On reflection, perhaps looking into this beautiful stream is like gazing into the eyes of your own being given back in the shape of silent, fluent energy revealed through a deflection of light. Yet it isn’t you. It’s so much more as you begin to recognise the scale of what the eco-critic and philosopher Timothy Morton calls ‘the mesh’: it’s the sun at an angle striking water swollen by three days of rain entering the eye of someone with the time and inclination to gaze into it. What a set of planetary, geological, meteorological, biological and cultural coincidences.
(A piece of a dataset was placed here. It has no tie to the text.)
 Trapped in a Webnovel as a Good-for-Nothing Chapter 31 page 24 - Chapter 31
My encounter with the shadows have also helped me come to practical terms with Morton’s concept of ‘ecognosis’ and the ‘weird loop’ between subject and object he develops in the context of the Anthropocene in his book Dark Ecology. Here’s Morton on beauty and its relationship to ecognosis:
‘When you experience beauty, you experience evidence in your inner space that at least one thing that isn’t you exists. An evanescent footprint in your inner space—you don’t need to prove that things are real by hitting them or eating them. A non-violent co-existing without coercion. The basic issue with beauty is that it is ungraspable. I can’t point directly to it and I can’t decide whether it’s me of the thing that is emanating beauty. . . The beauty experience just is narcissism, inclusive of one or more other entities. A narcissism in me that isn’t me, including me and the thing in its circuit: ecognosis.’ (Morton 149)
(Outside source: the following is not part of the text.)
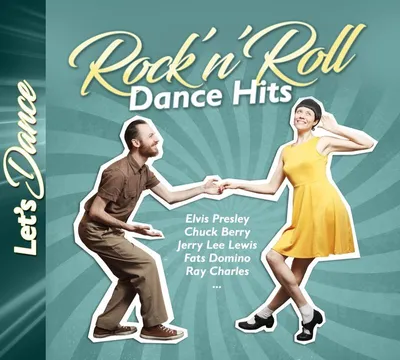 Obrázek produktu pro - Rock'n Roll Dance Hits - - (CD / R)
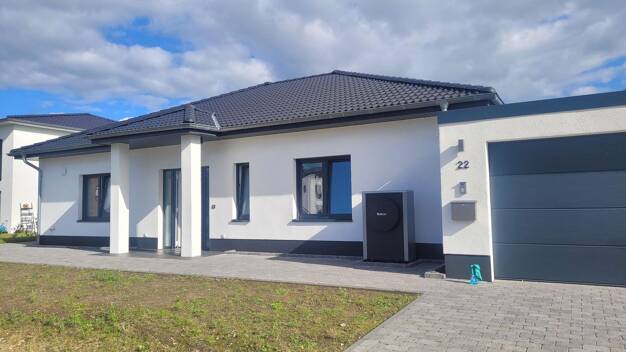 Einfamilienhaus zum Kauf - Neubau provisionsfrei 480.000 € 4 Zimmer 140 m² 824 m² Grundstück Fintel 27389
I think I get it, but like the shadows across the bed of the Red River, his words endlessly loop and coil humans and other entities together as we revolve around the desire to know the unknowability of otherness; to be fascinated and co-exist without ‘hitting’ or ‘eating’ it. I don’t want to grasp him, but to let his text and what it bears upon play through me. When exploring a river that has been hit and eaten by our desire for tin and other metals, a fascination with the strange beauty of its damage and recovery feels necessary. It reminds me of Steve fighting to preserve the dragonflies at Brea adit against the plans of Medway Tin, the company who bulldozed the settling tanks to extract residual tin sands, and then went bust before removing any. His fascination with the intimate scale of dragonflies and damselflies emerging through the meniscus of water in a settling tank is at the heart of his action on behalf of the river. Morton writes: ‘Being interested means I am in charge. Being fascinated means that something else is.’ We need care for the river that grows out of fascination and not interest. We need to experience its particular beauty before it can guide us into its future.